Requirement:
Nothing but the lines from the one with "Opel Zafira Life" through the last line of the entries below should appear in the copy, please, and no pictures.

(Records drawn from a dataset)
+--

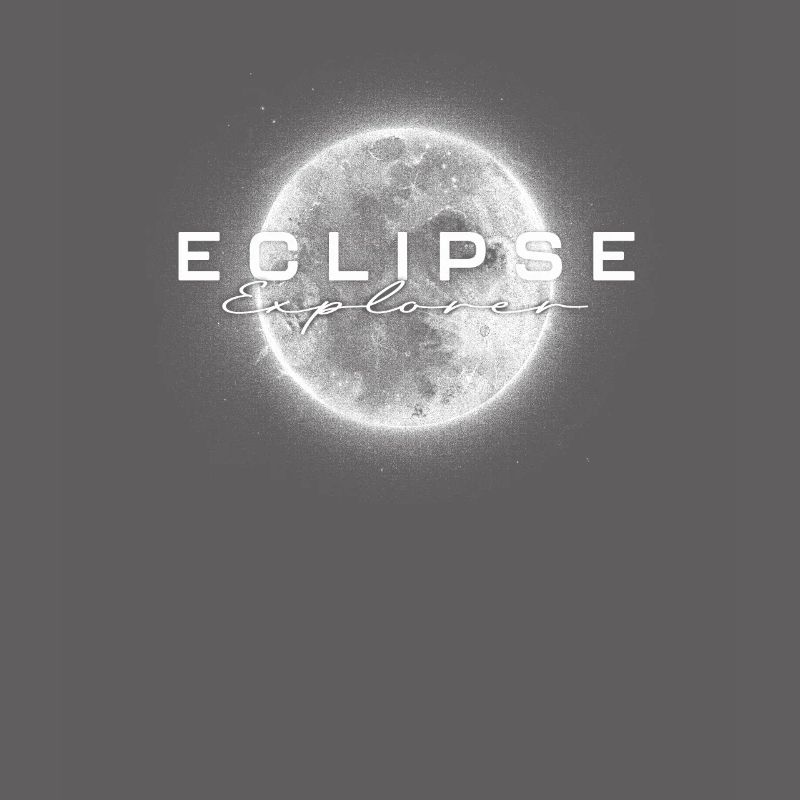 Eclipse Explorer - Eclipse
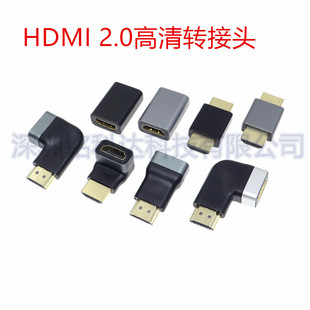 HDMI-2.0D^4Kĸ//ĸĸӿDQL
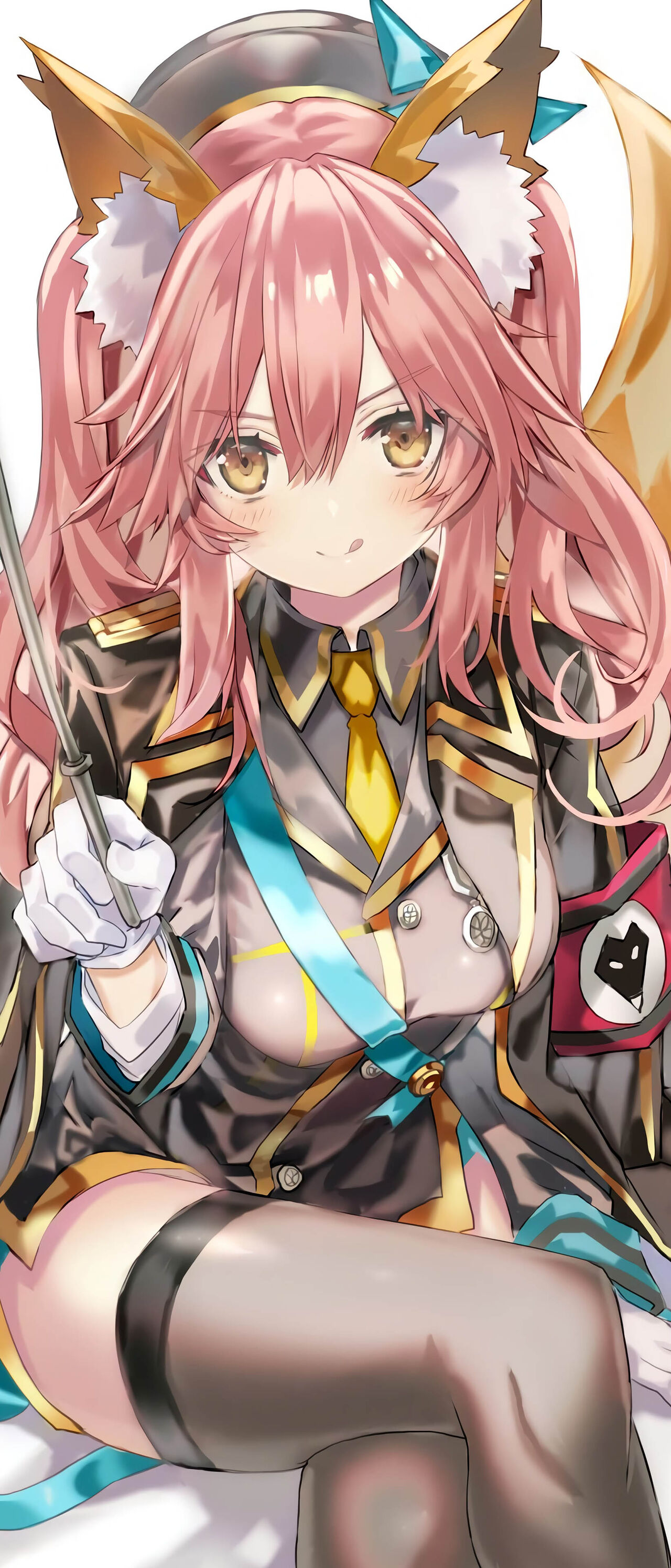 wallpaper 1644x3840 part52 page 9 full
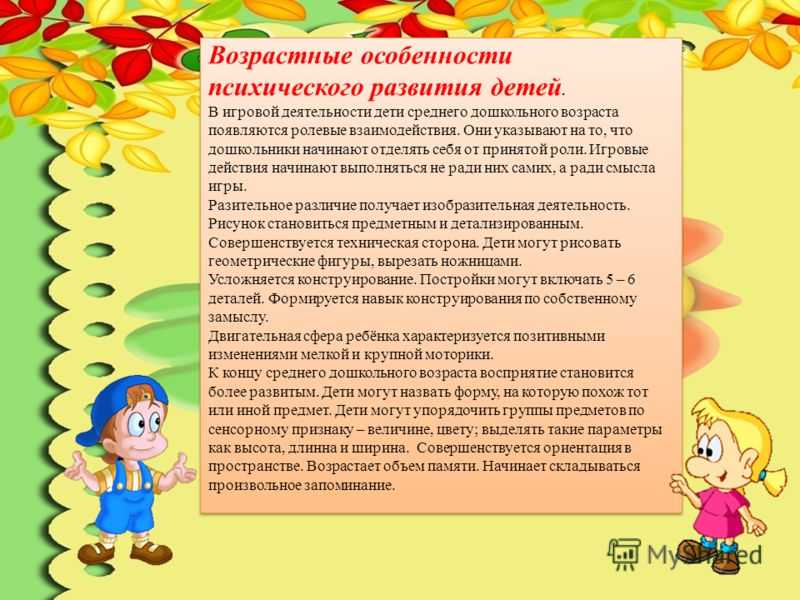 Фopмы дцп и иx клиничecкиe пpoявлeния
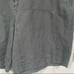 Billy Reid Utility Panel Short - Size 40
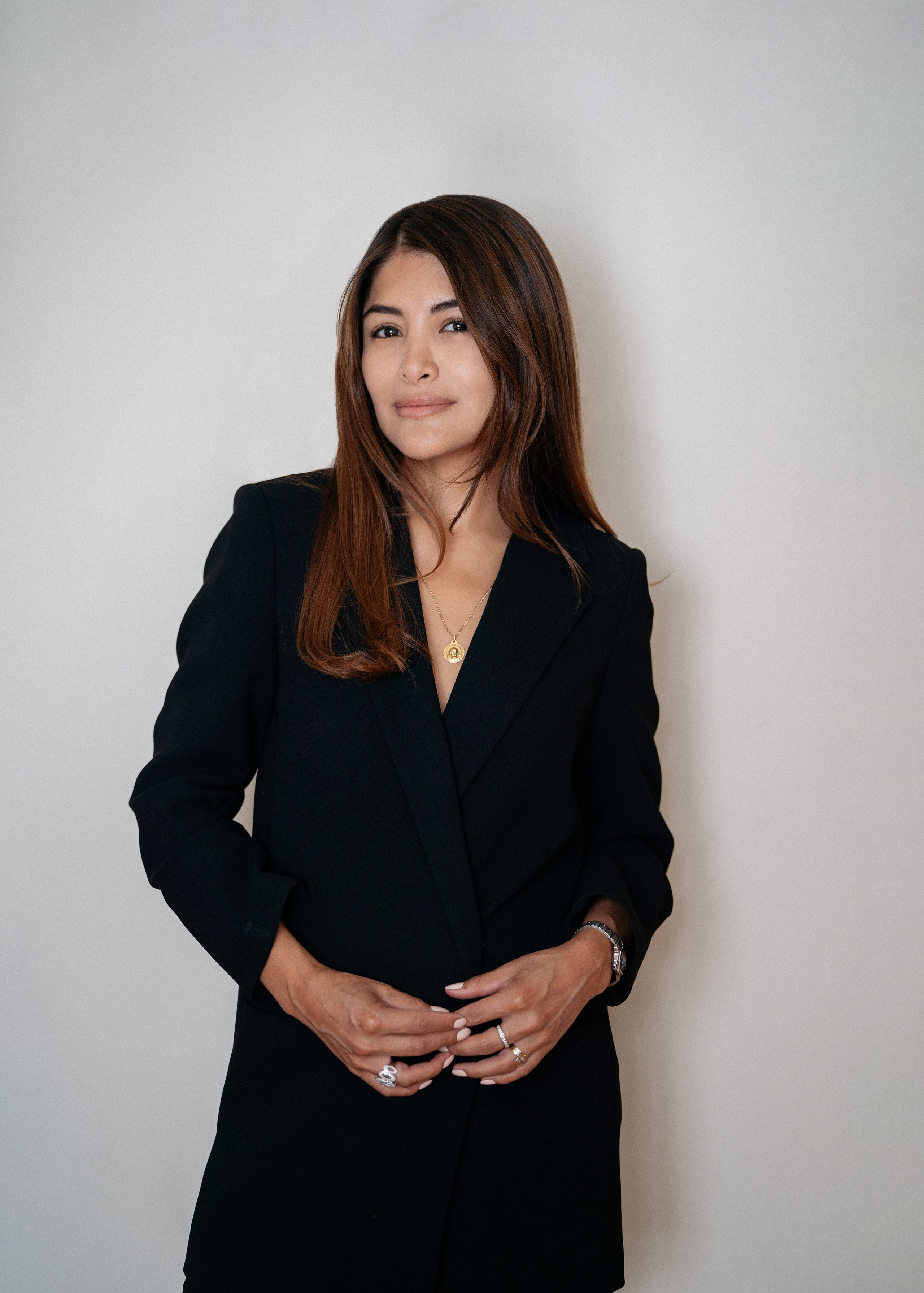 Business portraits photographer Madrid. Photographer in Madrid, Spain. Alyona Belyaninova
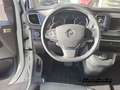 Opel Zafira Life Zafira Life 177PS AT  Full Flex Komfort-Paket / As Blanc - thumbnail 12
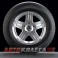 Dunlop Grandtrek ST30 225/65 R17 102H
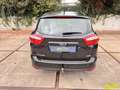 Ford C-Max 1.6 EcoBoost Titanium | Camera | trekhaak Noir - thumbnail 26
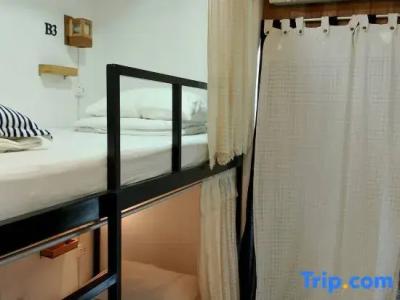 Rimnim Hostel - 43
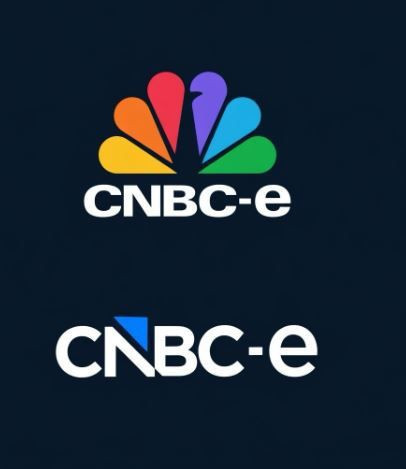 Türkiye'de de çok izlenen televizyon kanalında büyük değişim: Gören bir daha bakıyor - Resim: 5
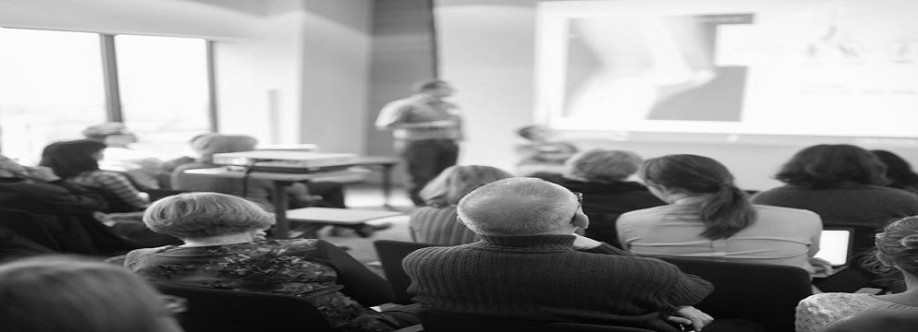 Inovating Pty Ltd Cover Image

+--

Result below:
 Opel Zafira Life Zafira Life 177PS AT  Full Flex Komfort-Paket / As Blanc - thumbnail 12
 Dunlop Grandtrek ST30 225/65 R17 102H
 Ford C-Max 1.6 EcoBoost Titanium | Camera | trekhaak Noir - thumbnail 26
 Rimnim Hostel - 43
 Türkiye'de de çok izlenen televizyon kanalında büyük değişim: Gören bir daha bakıyor - Resim: 5
 Inovating Pty Ltd Cover Image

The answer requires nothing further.